90. Conditions are sometimes imposed restricting ancillary or incidental activities which would not normally be material changes of use involving development. Conditions of this kind can be burdensome to some technologically advanced industries. They may have a need for higher than normal levels of ancillary office, research or storage uses, or for short-term changes in uses or the balance of uses. Such conditions should, therefore, not normally be imposed on permissions for manufacturing or service industry, except where they are designed to preclude or regulate activities giving rise to hazard, noise or offensive emissions.

CONDITIONS RESTRICTING THE OCCUPANCY OF BUILDINGS AND LAND

Occupancy: General Considerations

91. Since planning controls are concerned with the use of land rather than the identity of the user, the question of who is to occupy premises for which permission is to be granted will normally be irrelevant. Conditions restricting occupancy to a particular occupier or class of occupier should only be used when special planning grounds can be demonstrated and where the alternative would normally be refusal of permission.

Personal Permissions

92. Unless the permission otherwise provides, planning permission runs with the land and it is seldom desirable to provide otherwise. There are occasions relating, for example, to strong compassionate or other personal grounds, where the planning authority is minded to grant permission for the use of a building or land for some purpose which would not normally be allowed. In such a case the permission may be made subject to a condition that it shall enure only for the benefit of a named person- usually the applicant. A permission personal to a company is generally inappropriate. Conditions of this type will scarcely ever be justified in the case of a permission for the erection of a permanent building.

General Undesirability of Commercial and Industrial Occupancy Conditions

93. Conditions are sometimes imposed to confine the occupation of commercial or industrial premises to local firms. Such conditions can act- undesirably- to protect local businesses against fair competition and may hinder the movement of industry in response to economic demand. If a service, or the employment it generates, is needed in an area, there is no planning reason why it should be provided by one firm rather than another. Commercial and industrial buildings in an area of open countryside will not become more acceptable because their occupancy is restricted, nor will the expansion of a local firm necessarily lead to less pressure for further development (eg housing) than the arrival of a firm from outside. The Secretary of State therefore regards such conditions as undesirable in principle.

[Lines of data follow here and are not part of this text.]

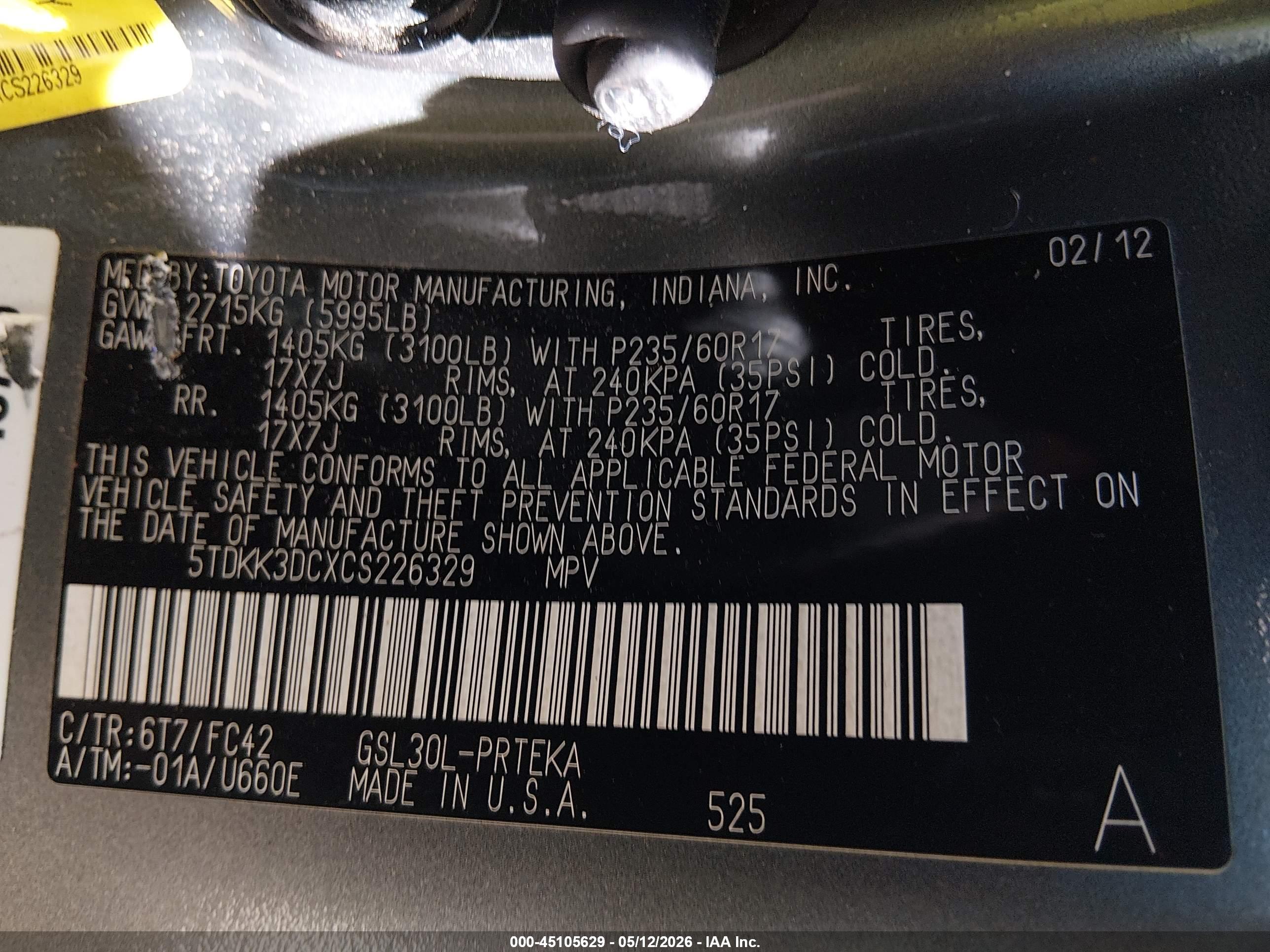 TOYOTA SIENNA image 9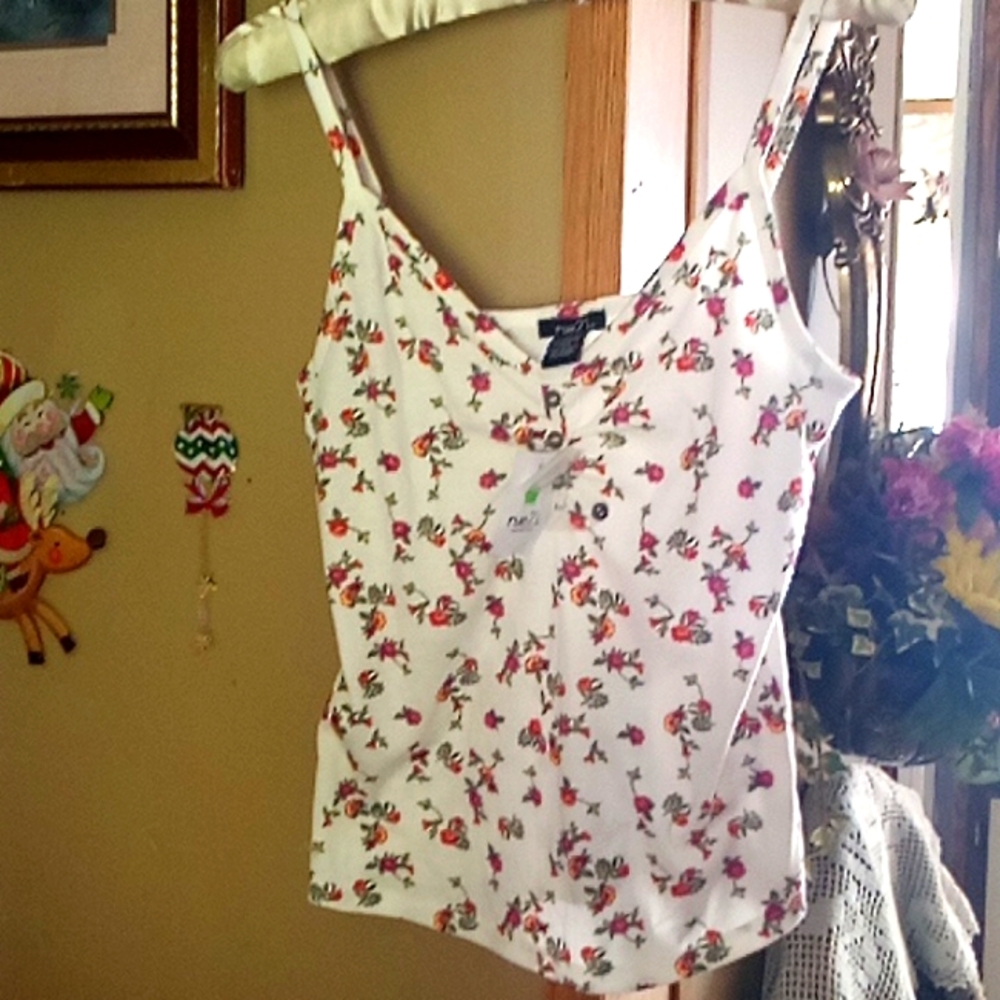 Rue 21 floral tank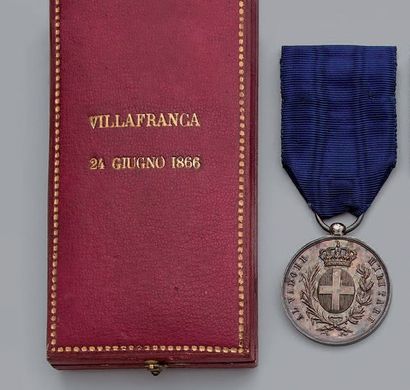 null Médaille de la Valeur militaire sarde en argent, poinçonnée, avers aux armes...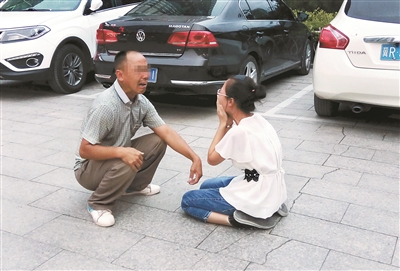 一位來自山西的父親，在燕郊找到陷入傳銷組織的女兒，當(dāng)街痛哭，求女兒回家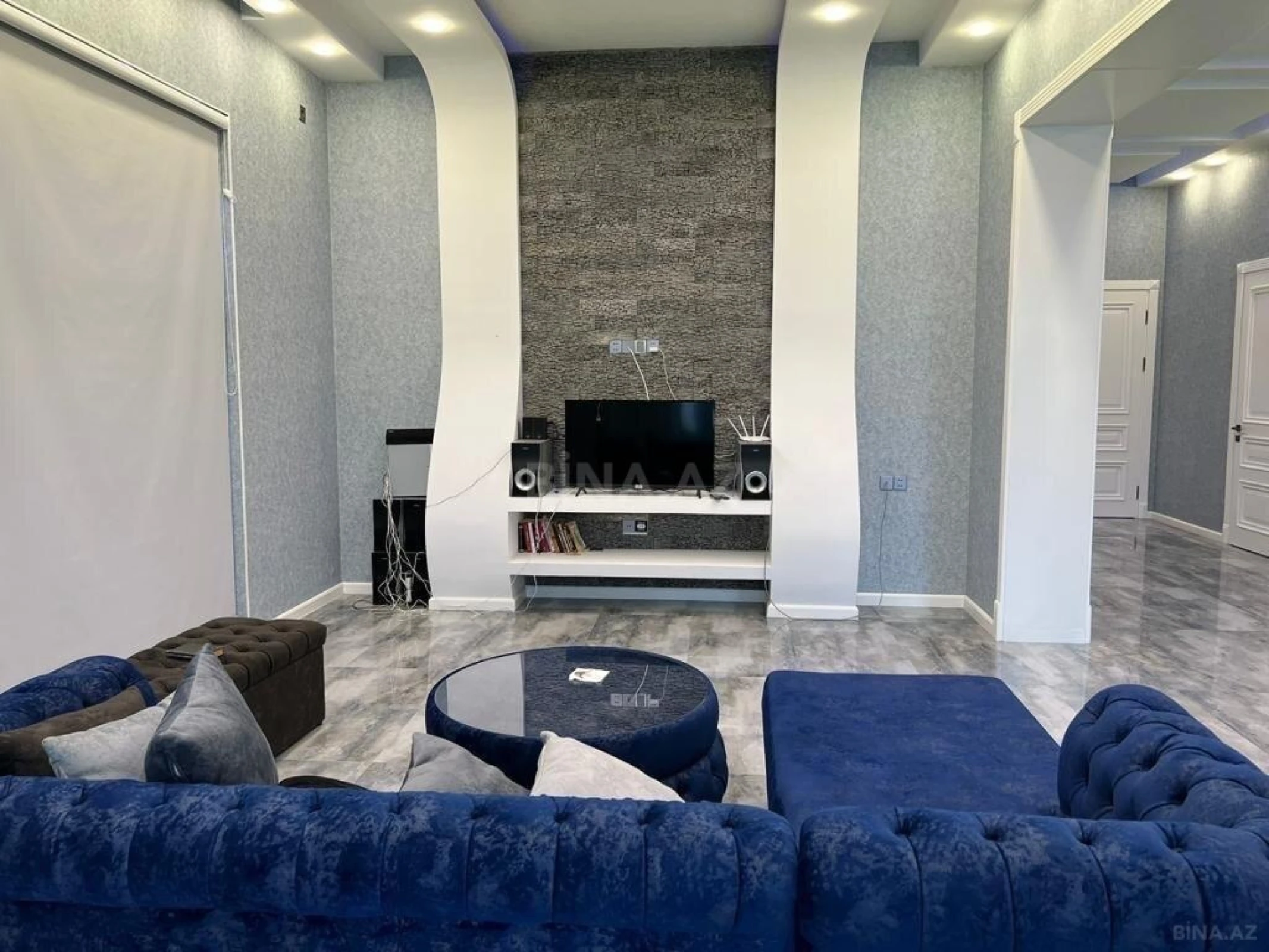 Kirayə verilir 5 otaqlı həyət evi 240 m²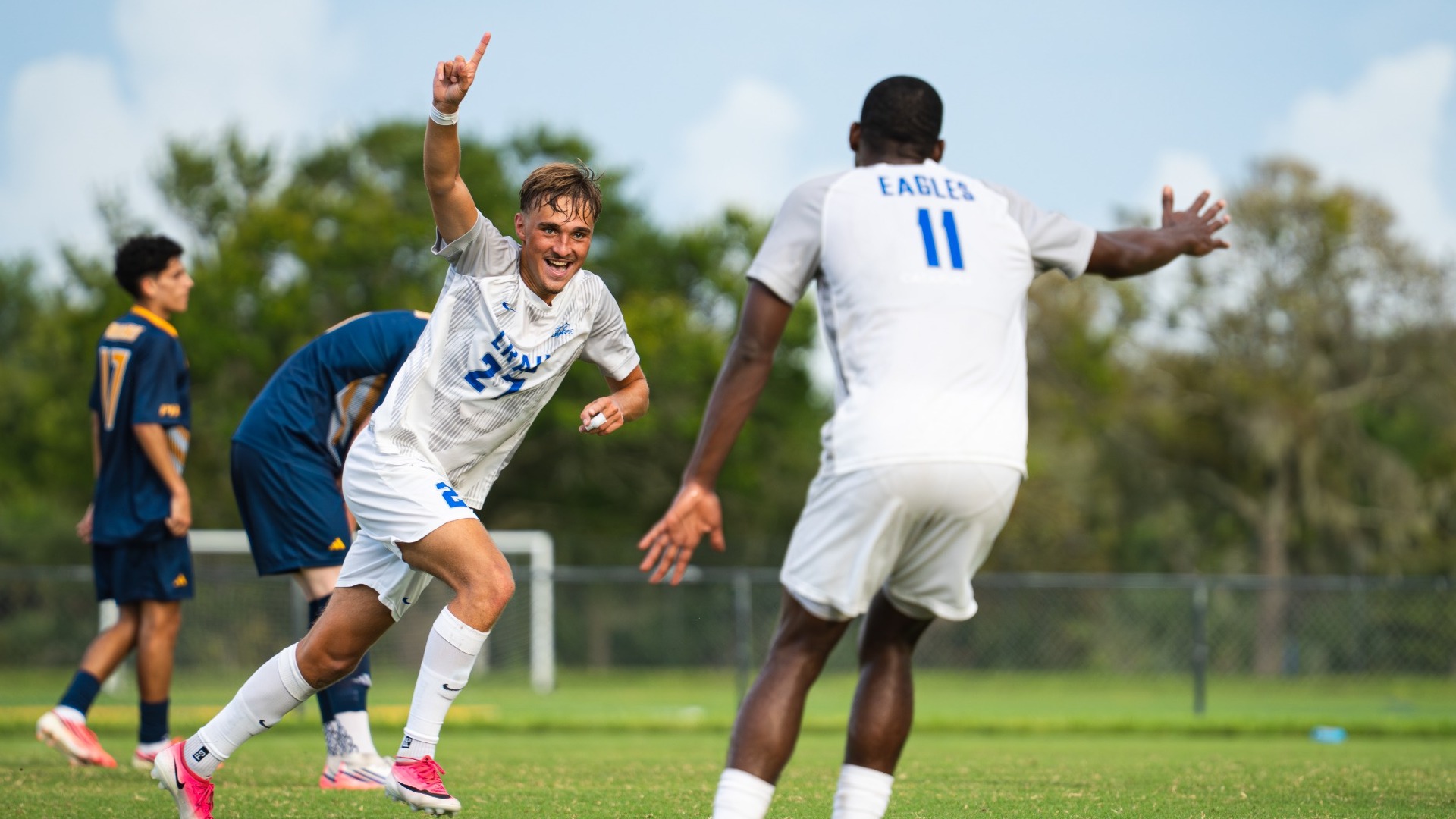 Lukas Bludau Celebration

Conditions Governing Size of Unit Occupied

94. Conditions requiring that a large commercial or industrial building should be occupied either only as a single unit or, alternatively, only in suites not exceeding a certain area or floorspace, represent a significant interference with property rights which is likely to inhibit or delay the productive use of the buildings affected. Such conditions should, therefore, normally be avoided.

Domestic Occupancy Conditions

95. Subject to the advice about affordable housing (paragraph96), staff accommodation (paragraph98-99), agricultural and forestry dwellings (paragraphs100-102) and seasonal use (paragraphs111-113), if the development of a site for housing is an acceptable use of the land, there will seldom be any good reason on land use planning grounds to restrict the occupancy of those houses to a particular type of person (eg those already living or working in the area). To impose such a condition would be to draw an artificial and unwarranted distinction between new houses or new conversions and existing houses that are not subject to such restrictions on occupancy or sale. It may deter housebuilders from providing homes for which there is a local demand and building societies from providing mortgage finance. It may also impose hardship on owners who subsequently need to sell. It involves too detailed and onerous an application of development control and too great an interference in the rights of individual ownership. Such conditions should, therefore, not be imposed save in the most exceptional cases where there are clear and specific circumstances that warrant allowing an individual house (or extension) on a site where development would not normally be permitted.

Affordable Housing

96. The community's need for a mix of housing types- including affordable housing- is capable of being a material planning consideration. It follows that there may be circumstances in which it will be acceptable to use conditions to ensure that some of the housing built is occupied only by people falling within particular categories of need. Such conditions would normally only be necessary where a different planning decision might have been taken if the proposed development did not provide for affordable housing and should make clear the nature of the restriction by referring to criteria set out in the relevant development plan policy. Conditions should not normally be used to control matters such as tenure, price or ownership. Guidance on affordable housing is contained in NPPG 3: Land for Housing.

"Granny Annexes"

97. Some extensions to dwellings are intended for use as "granny annexes". It is possible that a "granny annex" which provides independent living accommodation, could subsequently be let or sold off separately from the main dwelling. Where there are sound planning reasons why the creation of an additional dwelling would be unacceptable, it may be appropriate to impose a planning condition to the effect that the extension permitted shall be used solely as accommodation ancillary to the main dwellinghouse. The same is true for separate buildings (often conversions of outbuildings) intended for use as "granny annexes". In these cases it is even more likely that a separate unit of accommodation will be created.

Staff Accommodation

98. The above considerations may equally apply to staff accommodation. Where an existing house is within the curtilage of another building and the two are in the same occupation, any proposal to occupy the two buildings separately is likely to amount to a material change of use, so that planning permission would be required for such a proposal even in the absence of a condition. Planning authorities should normally consider applications for such development sympathetically since, if the need for such a dwelling (for the accommodation of an employee, for example) disappears, there will generally be no justification for requiring the building to stand empty or to be demolished.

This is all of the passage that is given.